This work investigates the spectral approximation of the ℓ-th order Kikuchi graph of a random 2r-uniform hypergraph to that of the complete hypergraph, with applications to the Max 2r-XOR problem. By introducing a novel analysis framework incorporating locality, the authors apply the matrix Bernstein inequality for the first time to the block structure of the Johnson scheme, establishing tight spectral approximation bounds. They prove that when the number of hyperedges is at least \( n \cdot (n/\ell)^{r-1} \cdot \log n \), the degree-2ℓ Sum-of-Squares (SoS) semidefinite relaxation is integral on noisy planted 2r-XOR instances, achieving an approximation bound that is optimal up to logarithmic factors.

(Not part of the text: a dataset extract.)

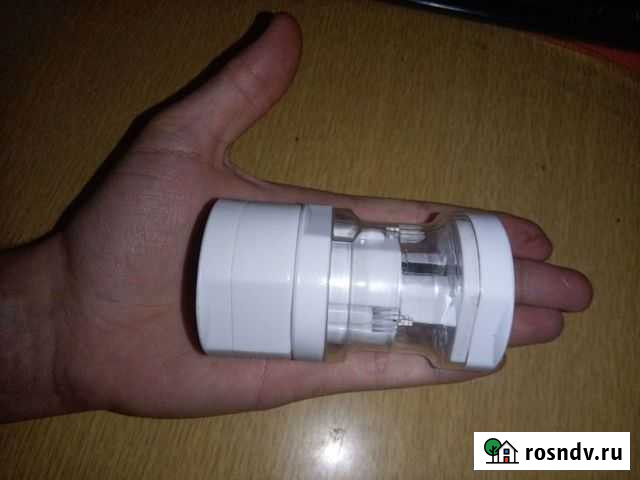 Переходник для всех типов розеток Альметьевск - изображение 1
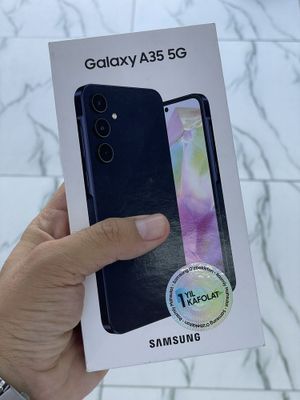 Samsung Galaxy A35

We prove that level-$\ell$ Kikuchi graphs of random $2r$-uniform hypergraphs spectrally approximate the Kikuchi graph of the complete $2r$-uniform hypergraph at a sampling rate that is sharp up to a logarithmic factor, in the regime $r\leq \ell \leq n/2$. Our proof is based on the matrix Bernstein inequality, but, unlike prior works, we apply it to an appropriate collection of blocks of Johnson eigenspaces. Our analysis relies on a new, simple band-locality property for arbitrary Kikuchi graphs. As an application, we prove that the natural degree-$2\ell$ sum-of-squares relaxation for the Max $2r$-XOR problem is ``integral'' when the input is a planted noisy $2r$-XOR instance on a random hypergraph with $\gtrsim n \cdot (n/\ell)^{r-1} \log n$ hyperedges.